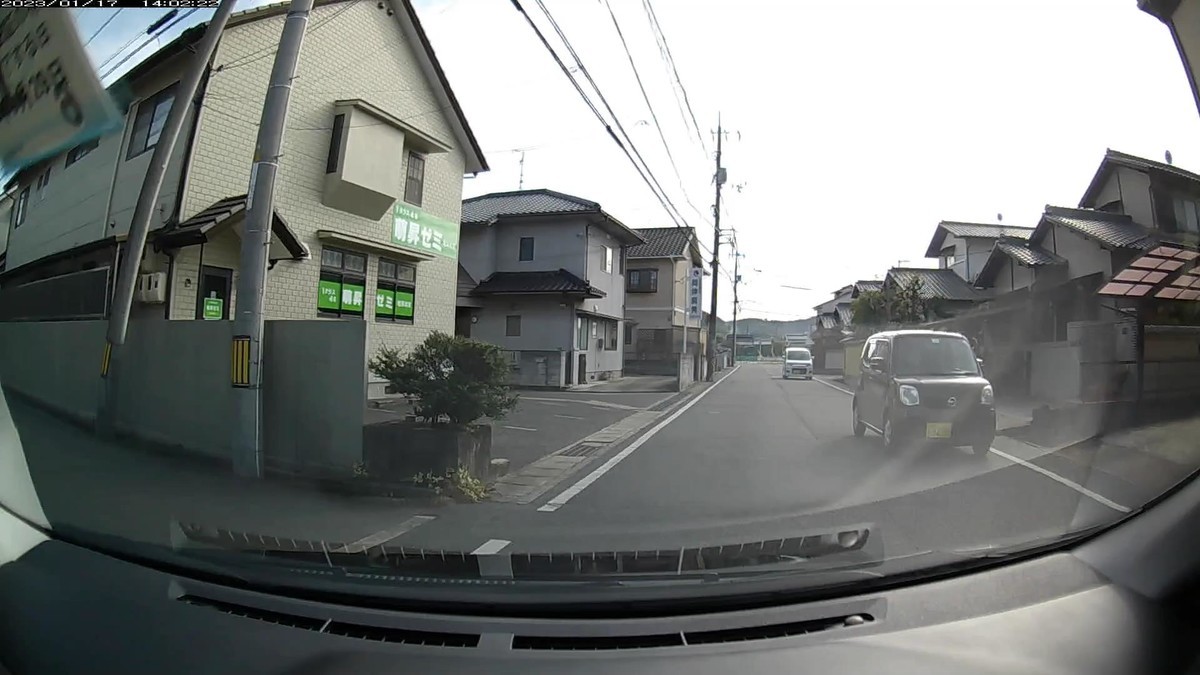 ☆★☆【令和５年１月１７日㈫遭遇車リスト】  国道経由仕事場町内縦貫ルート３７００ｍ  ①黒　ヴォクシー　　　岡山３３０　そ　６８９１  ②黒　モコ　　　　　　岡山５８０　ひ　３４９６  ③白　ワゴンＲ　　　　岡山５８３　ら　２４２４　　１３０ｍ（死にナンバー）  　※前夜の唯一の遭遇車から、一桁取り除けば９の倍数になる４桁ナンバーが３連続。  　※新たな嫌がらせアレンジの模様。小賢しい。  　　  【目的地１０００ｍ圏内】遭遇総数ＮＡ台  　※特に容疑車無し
---
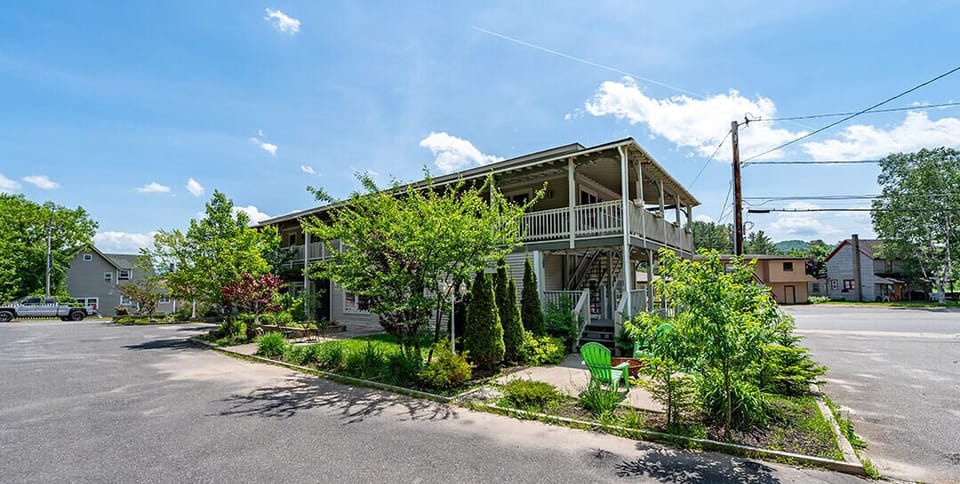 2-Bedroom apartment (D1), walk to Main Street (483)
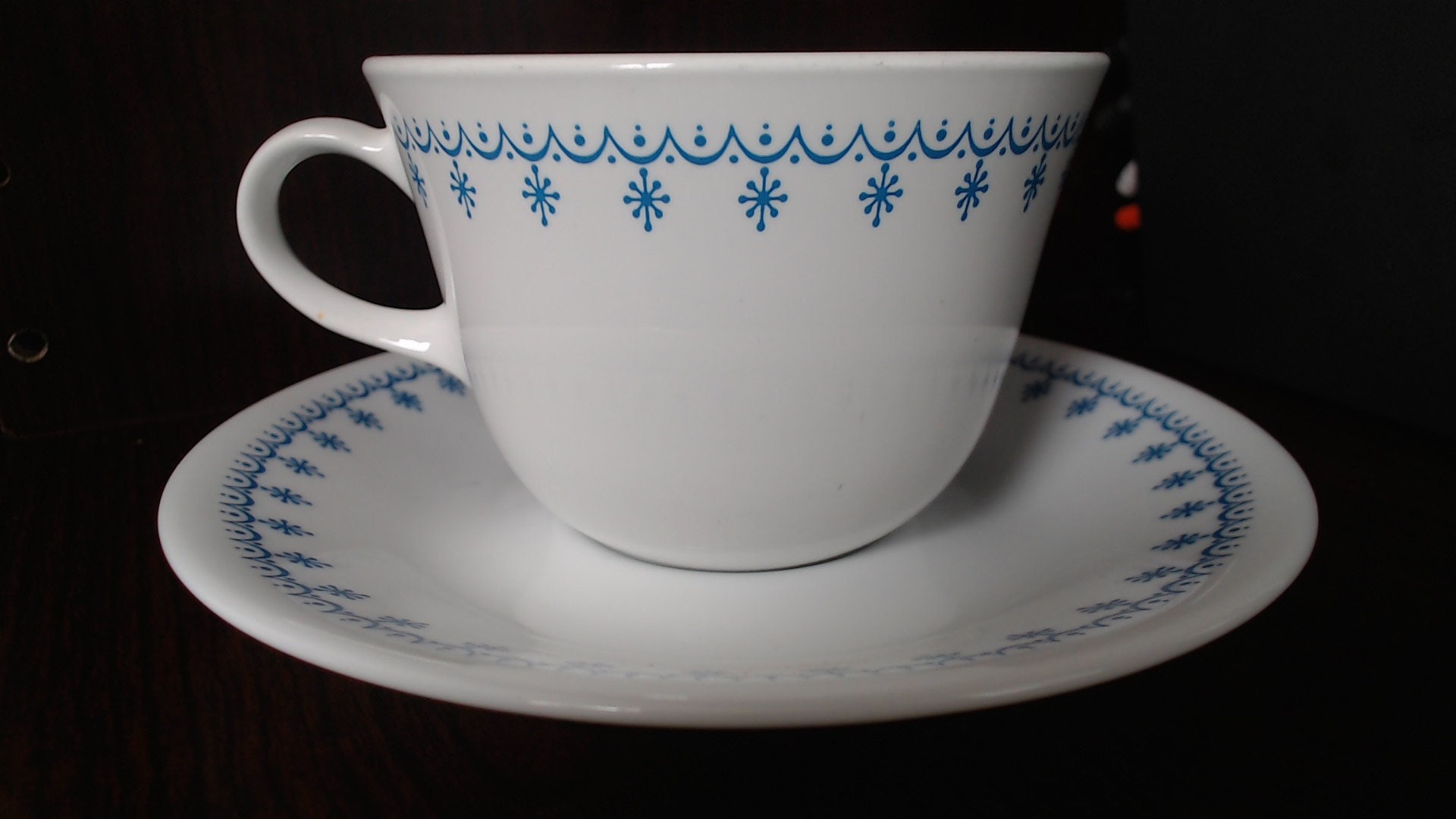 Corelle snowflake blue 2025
...
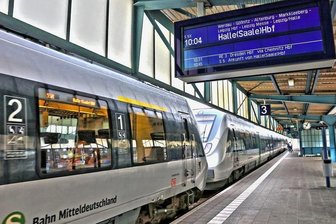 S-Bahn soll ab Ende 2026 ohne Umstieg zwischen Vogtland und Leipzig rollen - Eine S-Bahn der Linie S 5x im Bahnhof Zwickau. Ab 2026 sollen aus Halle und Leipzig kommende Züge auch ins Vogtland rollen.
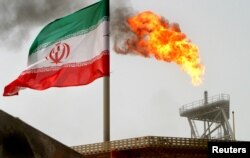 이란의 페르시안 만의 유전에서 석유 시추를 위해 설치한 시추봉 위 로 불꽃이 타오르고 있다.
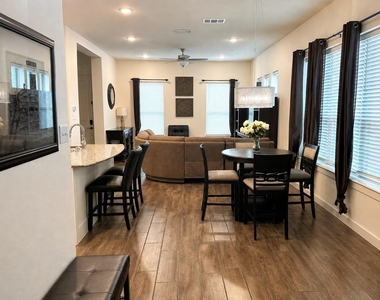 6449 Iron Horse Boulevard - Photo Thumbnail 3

ABOUT THIS EXERCISE = From the data above, return only the lines starting at the line that holds "이란의 페르시안 만의" and ending at the line that holds "6449 Iron Horse", word for word and without pictures.

ANSWER BOX =
 이란의 페르시안 만의 유전에서 석유 시추를 위해 설치한 시추봉 위 로 불꽃이 타오르고 있다.
 6449 Iron Horse Boulevard - Photo Thumbnail 3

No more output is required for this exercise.